I only understand the basics of the ABCT, so I was hoping that someone could help out with this question.
Can a massive reduction in Government spending AND Taxation make up (partially) for previous malinvestment caused by the Federal Reserve's credit expansion?
Here is how it works in my head.
1. The federal reserve reduces interest rates below market prices as it usually does.
2. This leads into the starting of long term projects.
3. "Prosperity"
4. These projects are finished, and brought to market.
5. No one has any money to spend on the projects. Because their money was essentially used to build these projects.
So at this point things are looking bad. My theory is that reducing taxation and government spending may free enough money up to allow consumers to spend money on these projects. A lot of those projects will still fail, but it wouldn't be as bad.
Because the taxation is more or less regular. The taxation of consumers takes their money out of their ability to consume or save. This eliminates the money from the time coordination process provided by interest rates. So cutting taxes and reducing spending rapidly may be enough to reduce the amount of money being taken from the coordination process.
The reason I brought this up was because of Harding. Lately that glen beck guy (I listen to him when I drive to my college in the morning) has been talking about him. I remembered that Thomas Woods spoke about how Harding reduced a depression to lasting a year by cutting taxes and spending.

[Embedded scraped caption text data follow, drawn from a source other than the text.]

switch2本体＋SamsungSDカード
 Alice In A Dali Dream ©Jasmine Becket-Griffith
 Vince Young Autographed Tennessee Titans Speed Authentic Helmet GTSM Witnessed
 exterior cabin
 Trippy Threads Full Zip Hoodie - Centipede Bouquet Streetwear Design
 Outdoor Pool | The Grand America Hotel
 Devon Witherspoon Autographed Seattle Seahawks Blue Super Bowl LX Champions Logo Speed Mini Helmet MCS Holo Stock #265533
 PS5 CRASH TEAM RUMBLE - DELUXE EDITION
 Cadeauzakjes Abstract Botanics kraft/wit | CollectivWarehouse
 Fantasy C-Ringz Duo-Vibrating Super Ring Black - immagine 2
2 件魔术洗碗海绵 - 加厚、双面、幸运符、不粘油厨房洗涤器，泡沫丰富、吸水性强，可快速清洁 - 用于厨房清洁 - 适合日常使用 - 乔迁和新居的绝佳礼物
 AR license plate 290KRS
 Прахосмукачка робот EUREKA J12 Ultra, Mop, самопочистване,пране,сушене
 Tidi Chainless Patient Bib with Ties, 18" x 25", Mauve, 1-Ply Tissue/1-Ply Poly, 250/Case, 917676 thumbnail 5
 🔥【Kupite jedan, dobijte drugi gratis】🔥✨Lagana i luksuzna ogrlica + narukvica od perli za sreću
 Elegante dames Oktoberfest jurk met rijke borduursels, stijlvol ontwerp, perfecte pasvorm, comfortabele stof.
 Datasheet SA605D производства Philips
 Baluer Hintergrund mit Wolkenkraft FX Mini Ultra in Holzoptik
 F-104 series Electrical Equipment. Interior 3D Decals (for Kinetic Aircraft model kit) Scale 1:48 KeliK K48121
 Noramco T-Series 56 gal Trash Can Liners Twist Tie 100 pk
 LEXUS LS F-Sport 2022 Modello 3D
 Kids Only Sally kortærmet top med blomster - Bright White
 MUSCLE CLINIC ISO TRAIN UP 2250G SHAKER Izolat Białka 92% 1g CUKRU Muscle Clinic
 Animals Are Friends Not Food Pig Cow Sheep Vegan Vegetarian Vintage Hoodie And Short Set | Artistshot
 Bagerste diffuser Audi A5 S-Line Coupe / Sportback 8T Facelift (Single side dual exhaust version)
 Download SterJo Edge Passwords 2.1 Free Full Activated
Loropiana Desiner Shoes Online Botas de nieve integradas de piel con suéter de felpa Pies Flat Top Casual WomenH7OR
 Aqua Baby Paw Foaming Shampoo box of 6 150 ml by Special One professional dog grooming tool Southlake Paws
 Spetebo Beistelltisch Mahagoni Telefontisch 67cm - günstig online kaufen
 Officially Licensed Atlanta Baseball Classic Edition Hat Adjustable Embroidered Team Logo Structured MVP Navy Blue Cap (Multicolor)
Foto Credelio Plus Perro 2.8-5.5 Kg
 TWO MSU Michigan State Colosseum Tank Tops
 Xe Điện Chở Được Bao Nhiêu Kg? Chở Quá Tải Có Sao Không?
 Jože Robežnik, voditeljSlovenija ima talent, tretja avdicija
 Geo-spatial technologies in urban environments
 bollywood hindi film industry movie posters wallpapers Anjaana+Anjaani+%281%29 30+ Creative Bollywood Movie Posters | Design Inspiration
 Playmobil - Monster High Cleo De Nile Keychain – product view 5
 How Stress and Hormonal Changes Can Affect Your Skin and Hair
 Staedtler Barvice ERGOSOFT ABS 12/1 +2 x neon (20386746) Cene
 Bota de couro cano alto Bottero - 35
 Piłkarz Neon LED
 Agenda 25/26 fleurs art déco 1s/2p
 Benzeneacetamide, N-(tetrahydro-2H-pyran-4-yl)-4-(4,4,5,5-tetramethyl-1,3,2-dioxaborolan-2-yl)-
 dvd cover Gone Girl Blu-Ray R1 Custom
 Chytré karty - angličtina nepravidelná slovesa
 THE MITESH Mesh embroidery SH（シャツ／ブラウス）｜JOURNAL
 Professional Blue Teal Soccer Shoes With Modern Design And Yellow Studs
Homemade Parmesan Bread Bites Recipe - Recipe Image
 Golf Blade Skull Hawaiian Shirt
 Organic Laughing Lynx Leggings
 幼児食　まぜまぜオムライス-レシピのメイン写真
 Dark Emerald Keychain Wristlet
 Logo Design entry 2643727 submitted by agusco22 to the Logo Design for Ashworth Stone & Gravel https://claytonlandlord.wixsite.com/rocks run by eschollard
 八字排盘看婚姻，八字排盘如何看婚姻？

I thought to myself "Isn't this a reverse-keynsian idea?". I mean, doesn't government spending have little to do with the business cycle? What do you guys think?
I think you are thinking along the same line with the recommendation of Murray Rothbard who said the best way to recover from a bust following an inflation induced boom is to get as much wealth as possible into the hands of entrepreneurs. This is done in several ways: 1. Reduce Waste, that is reduce the consumption of real resources that do not satisfy consumer demand. 2. Have the central bank dissolve or at least stop creating money. 4. Absolutely positively no bailouts of bankrupt banks and other businesses.
Just keep in mind that it is not the tax cut that puts resources in the hands of entrepreneurs. It is consumers who will divert wealth into savings that gets to entrepreneurs. So a tax cut without spending cuts will not do much as the spending is consuming real wealth some of which would go to savings. Similarly the central banks can only hurt consumer savings by diverting resources through inflation.